A while back when I posted a recipe for cider bread a reader questioned why you'd bother with such things when you could be eating sourdough instead. It's a fair point, naturally leavened breads are by far my favourite when it comes to both texture and flavour, but there are also two very solid reasons why I like to keep soda bread in my baking repertoire.
The first and relatively obvious one is that, in a pinch, you can have a decent loaf on the table within the hour to satisfy any toast or soup-dipping needs when there's no sourdough establishment within reach and you refuse to eat anything that's not real bread.
The second and most relevant reason (to me at least), is that it's different. Sure, it doesn't have any of that classic crumb structure, and I'd almost go so far as to say it's more like a giant scone than a true bread, but there are just some days when that's exactly the thing that you're after.
Take, for instance, this lemon soda bread; a dense loaf dotted with soft, chewy oats and lightened by the fresh, citrus tang of lemon and delicate, sweet perfume of ground cardamom. It's a lovely start to the morning, freshly toasted and topped with vanilla mascarpone and warm fruit compote, or a great substitute for dumplings when the sharing of stew between friends is in order.
A warmly fragrant loaf, while it can comfortably go either way towards savoury or sweet this bread is particularly grand as breakfast, served with lashings of butter and marmalade, black coffee, something good to read and nowhere needing to be.

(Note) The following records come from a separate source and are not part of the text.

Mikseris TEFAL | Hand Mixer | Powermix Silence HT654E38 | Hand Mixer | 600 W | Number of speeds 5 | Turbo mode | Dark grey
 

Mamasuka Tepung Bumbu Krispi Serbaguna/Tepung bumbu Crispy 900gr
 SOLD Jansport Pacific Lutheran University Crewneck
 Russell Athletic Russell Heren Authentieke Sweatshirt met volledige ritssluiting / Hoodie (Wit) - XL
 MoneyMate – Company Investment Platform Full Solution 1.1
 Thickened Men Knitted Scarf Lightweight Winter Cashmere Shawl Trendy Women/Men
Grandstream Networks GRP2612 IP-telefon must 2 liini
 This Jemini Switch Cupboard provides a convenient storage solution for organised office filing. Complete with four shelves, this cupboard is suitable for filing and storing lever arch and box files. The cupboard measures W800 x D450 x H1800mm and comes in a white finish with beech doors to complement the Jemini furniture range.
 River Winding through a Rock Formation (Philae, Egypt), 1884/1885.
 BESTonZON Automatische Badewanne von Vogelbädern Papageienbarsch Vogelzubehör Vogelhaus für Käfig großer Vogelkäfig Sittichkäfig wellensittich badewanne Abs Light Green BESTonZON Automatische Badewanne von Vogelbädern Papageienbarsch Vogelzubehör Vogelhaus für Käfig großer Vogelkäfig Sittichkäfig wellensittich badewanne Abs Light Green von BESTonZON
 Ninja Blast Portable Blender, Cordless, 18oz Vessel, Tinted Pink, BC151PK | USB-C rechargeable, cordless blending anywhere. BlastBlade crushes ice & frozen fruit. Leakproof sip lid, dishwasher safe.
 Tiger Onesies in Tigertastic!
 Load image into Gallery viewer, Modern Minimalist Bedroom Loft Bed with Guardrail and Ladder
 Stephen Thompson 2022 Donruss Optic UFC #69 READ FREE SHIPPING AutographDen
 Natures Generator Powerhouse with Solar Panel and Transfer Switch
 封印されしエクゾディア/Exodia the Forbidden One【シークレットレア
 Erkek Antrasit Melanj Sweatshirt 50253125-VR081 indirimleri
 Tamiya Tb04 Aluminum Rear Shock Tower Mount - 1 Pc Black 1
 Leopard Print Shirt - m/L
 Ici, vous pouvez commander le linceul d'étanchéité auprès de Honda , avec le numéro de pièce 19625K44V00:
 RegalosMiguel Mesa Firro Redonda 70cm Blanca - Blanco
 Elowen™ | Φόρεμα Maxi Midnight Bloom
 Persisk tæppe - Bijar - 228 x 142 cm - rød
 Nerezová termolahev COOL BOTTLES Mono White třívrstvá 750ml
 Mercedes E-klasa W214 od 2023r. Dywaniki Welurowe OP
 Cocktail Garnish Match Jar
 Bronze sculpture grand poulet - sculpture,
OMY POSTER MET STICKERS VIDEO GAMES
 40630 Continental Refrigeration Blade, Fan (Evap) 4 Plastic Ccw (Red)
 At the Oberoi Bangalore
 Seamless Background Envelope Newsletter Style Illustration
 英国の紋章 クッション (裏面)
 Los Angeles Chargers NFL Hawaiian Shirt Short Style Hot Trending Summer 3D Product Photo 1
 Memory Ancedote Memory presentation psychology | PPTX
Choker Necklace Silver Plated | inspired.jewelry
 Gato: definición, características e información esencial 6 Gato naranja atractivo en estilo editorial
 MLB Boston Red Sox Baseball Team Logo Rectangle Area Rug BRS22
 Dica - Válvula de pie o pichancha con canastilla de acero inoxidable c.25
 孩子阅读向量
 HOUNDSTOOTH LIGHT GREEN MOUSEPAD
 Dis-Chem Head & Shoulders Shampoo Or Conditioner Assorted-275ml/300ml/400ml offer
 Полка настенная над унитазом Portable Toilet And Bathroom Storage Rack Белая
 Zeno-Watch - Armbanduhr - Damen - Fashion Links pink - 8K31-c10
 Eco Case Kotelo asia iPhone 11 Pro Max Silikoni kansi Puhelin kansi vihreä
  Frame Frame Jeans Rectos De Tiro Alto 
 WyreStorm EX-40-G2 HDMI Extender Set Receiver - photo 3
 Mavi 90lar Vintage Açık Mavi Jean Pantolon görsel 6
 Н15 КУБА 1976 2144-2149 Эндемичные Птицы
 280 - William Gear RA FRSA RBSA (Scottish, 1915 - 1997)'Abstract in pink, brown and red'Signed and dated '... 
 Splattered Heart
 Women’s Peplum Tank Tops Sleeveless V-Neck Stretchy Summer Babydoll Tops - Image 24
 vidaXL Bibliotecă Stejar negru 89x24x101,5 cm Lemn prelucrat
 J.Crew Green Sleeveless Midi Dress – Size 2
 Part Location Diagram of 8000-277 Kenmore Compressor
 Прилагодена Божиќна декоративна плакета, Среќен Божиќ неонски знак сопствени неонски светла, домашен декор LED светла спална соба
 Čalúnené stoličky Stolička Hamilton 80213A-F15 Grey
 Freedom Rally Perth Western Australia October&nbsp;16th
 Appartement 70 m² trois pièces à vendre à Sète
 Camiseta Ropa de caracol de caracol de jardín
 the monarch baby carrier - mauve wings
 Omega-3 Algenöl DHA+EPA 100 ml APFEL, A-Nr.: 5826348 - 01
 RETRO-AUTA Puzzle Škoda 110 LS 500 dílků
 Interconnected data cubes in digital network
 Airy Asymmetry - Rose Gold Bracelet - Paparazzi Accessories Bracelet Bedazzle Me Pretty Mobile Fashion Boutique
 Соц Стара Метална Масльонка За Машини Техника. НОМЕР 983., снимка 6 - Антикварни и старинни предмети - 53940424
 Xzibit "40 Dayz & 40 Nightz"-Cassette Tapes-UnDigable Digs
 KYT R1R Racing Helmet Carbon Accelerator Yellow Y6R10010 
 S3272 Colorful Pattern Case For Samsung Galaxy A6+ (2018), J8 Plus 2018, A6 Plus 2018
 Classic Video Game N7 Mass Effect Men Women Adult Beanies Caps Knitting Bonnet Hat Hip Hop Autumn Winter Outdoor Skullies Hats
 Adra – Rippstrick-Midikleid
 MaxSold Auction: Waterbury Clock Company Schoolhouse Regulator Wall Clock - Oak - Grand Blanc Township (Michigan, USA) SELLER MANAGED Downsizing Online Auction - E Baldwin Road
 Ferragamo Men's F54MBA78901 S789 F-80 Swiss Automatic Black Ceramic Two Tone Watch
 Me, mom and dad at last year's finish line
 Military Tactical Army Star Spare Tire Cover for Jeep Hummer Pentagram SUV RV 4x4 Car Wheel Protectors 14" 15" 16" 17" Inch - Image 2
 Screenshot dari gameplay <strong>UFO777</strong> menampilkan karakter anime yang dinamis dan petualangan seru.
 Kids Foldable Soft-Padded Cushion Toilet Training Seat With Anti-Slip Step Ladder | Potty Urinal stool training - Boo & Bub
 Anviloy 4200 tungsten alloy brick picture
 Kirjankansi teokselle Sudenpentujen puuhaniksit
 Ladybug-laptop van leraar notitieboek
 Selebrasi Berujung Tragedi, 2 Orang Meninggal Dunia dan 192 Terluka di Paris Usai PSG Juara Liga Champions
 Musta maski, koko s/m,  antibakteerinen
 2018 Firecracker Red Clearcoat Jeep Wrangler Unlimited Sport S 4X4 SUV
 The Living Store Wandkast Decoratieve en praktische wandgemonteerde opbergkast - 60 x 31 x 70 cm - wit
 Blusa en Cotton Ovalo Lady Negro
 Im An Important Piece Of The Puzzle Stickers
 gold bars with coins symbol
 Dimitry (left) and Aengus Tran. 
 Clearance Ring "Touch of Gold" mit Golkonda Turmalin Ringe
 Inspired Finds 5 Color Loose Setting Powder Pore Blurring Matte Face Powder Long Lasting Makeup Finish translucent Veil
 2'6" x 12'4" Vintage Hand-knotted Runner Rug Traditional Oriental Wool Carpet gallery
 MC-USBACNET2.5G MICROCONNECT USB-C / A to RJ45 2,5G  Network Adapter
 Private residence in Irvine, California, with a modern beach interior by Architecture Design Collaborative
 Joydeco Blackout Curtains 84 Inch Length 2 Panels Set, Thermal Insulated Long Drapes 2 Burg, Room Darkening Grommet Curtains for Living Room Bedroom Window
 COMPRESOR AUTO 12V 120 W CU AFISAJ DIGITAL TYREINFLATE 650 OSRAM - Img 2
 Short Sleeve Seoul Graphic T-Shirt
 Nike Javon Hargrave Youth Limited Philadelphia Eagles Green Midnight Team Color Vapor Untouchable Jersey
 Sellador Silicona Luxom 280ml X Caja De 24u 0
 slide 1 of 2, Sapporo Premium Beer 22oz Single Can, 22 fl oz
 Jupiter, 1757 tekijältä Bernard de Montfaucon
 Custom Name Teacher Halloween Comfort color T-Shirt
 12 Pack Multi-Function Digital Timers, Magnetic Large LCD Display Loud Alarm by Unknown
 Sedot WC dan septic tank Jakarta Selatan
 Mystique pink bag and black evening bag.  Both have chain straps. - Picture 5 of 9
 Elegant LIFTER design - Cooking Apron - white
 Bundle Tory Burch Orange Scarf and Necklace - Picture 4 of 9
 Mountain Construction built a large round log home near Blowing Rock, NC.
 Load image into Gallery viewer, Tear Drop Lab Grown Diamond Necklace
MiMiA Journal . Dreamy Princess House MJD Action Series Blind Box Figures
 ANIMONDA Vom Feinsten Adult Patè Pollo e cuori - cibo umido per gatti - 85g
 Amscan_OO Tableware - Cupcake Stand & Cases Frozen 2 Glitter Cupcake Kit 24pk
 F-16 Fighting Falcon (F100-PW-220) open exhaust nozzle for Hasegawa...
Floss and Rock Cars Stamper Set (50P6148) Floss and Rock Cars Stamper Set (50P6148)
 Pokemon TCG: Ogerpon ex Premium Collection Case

LEMON CARDAMOM SODA BREAD (Adapted from The Wednesday Chef)
- 210 g plain flour
- 210 g wholemeal flour
- 100 g rolled oats
- 8 g sea salt
- 13 g bicarbonate soda
- 1 tsp ground cardamom
- a few sprigs of lemon thyme
- 70 g honey
- 420 g buttermilk
- zest of 1 lemon, finely grated
In a large bowl, sift together the dry ingredients then add the leaves of lemon thyme. Whisk the honey, buttermilk and zest together in a separate bowl then add to the dry ingredients and mix until just combined. Turn out onto a floured surface, knead lightly to form a round loaf and place on a tray lined with baking paper. Sprinkle with oats and thyme, cut a shallow cross in the top of the loaf and then bake in an oven preheated to 190°C for around 40 minutes, until golden brown and cooked through when tapped. Transfer to a wire rack to cool. Serve warm or toasted.